• _Required work_
Everything in the listing should be transcribed exactly, apart from the pictures.

• _Records supplied_
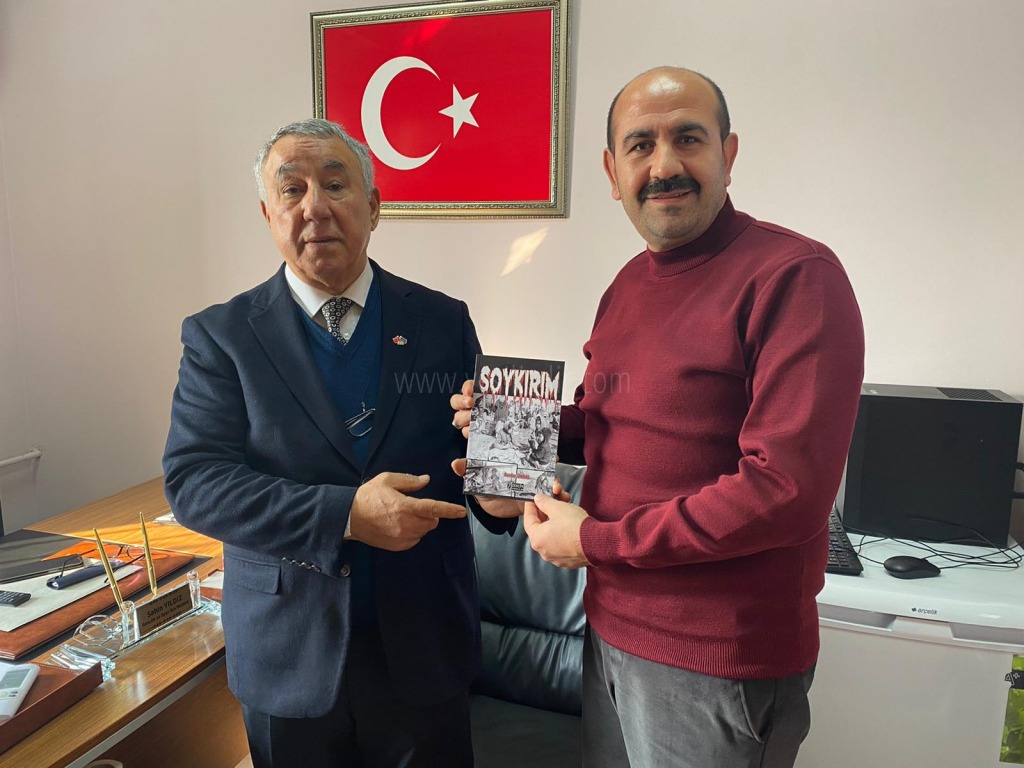 SERDAR ÜNSAL DAN ŞAHİN YILDIZA HAYIRLI OLSUN ZİYARETİ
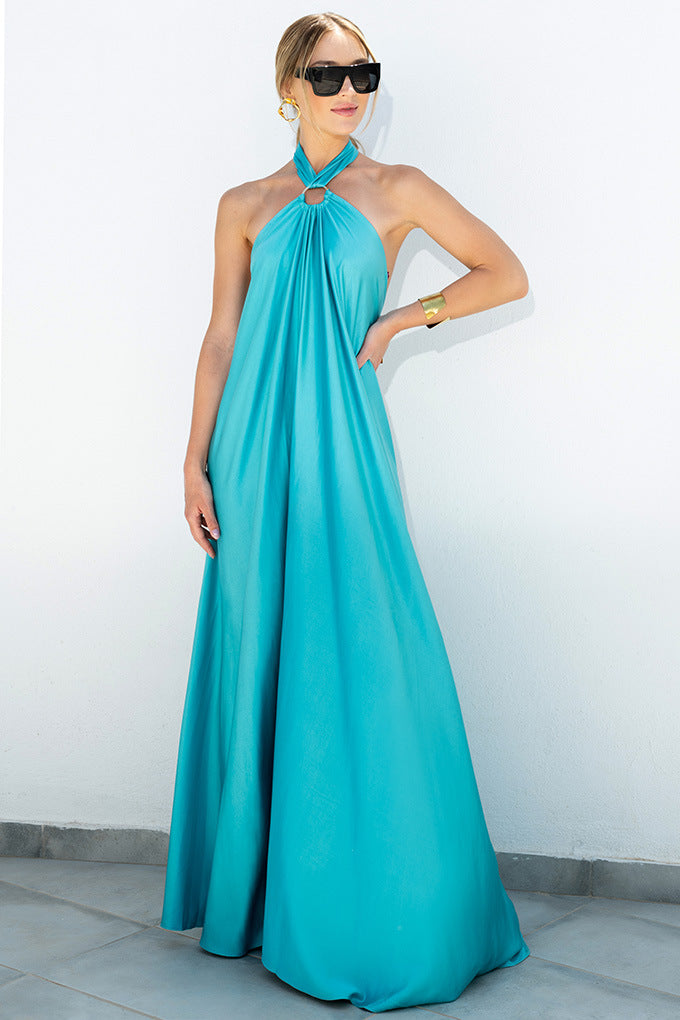 Claudette – Formal Backless Party Dress – Elegant & Daring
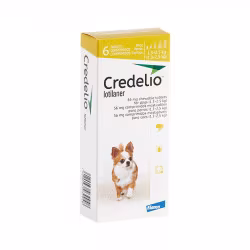 Credelio 56mg 1,3-2,5Kg 6 comprimidos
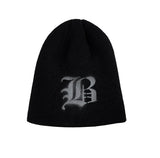 hand logo short beanie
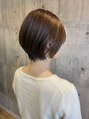 アトラ ハッピーヘアライフ 昭和町店(attra happyhairlife)&nbsp;小顔で綺麗なシルエットショートお任せください！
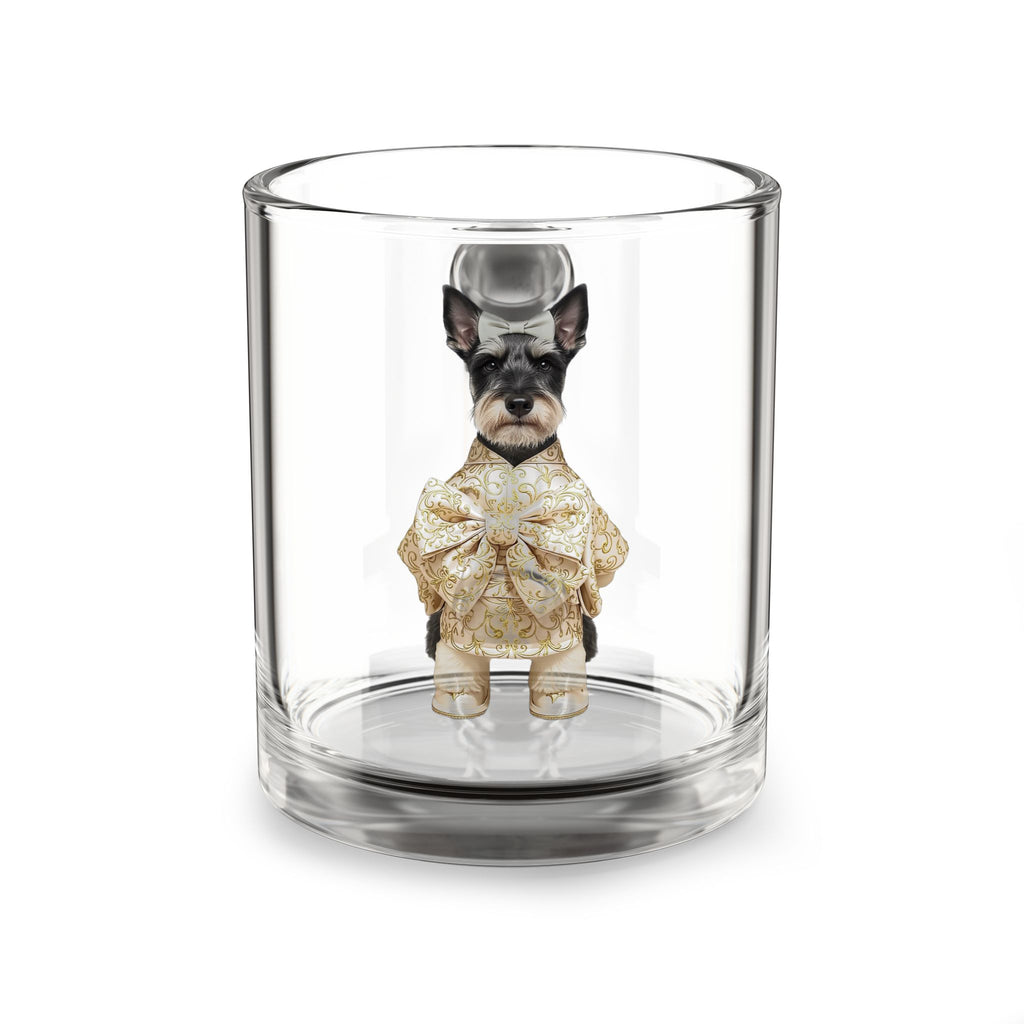 A Little Friend in Your Cup Transparent Glass Mug with an Adorable Pet Figure Inside
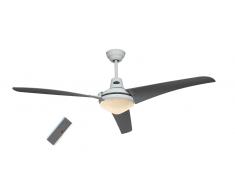 Deckenventilator MIRAGE Weiß / Silber mit Fernbedienung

• _The completed task_
 SERDAR ÜNSAL DAN ŞAHİN YILDIZA HAYIRLI OLSUN ZİYARETİ
 Claudette – Formal Backless Party Dress – Elegant & Daring
 Credelio 56mg 1,3-2,5Kg 6 comprimidos
 hand logo short beanie
 アトラ ハッピーヘアライフ 昭和町店(attra happyhairlife)&nbsp;小顔で綺麗なシルエットショートお任せください！
 A Little Friend in Your Cup Transparent Glass Mug with an Adorable Pet Figure Inside
 Deckenventilator MIRAGE Weiß / Silber mit Fernbedienung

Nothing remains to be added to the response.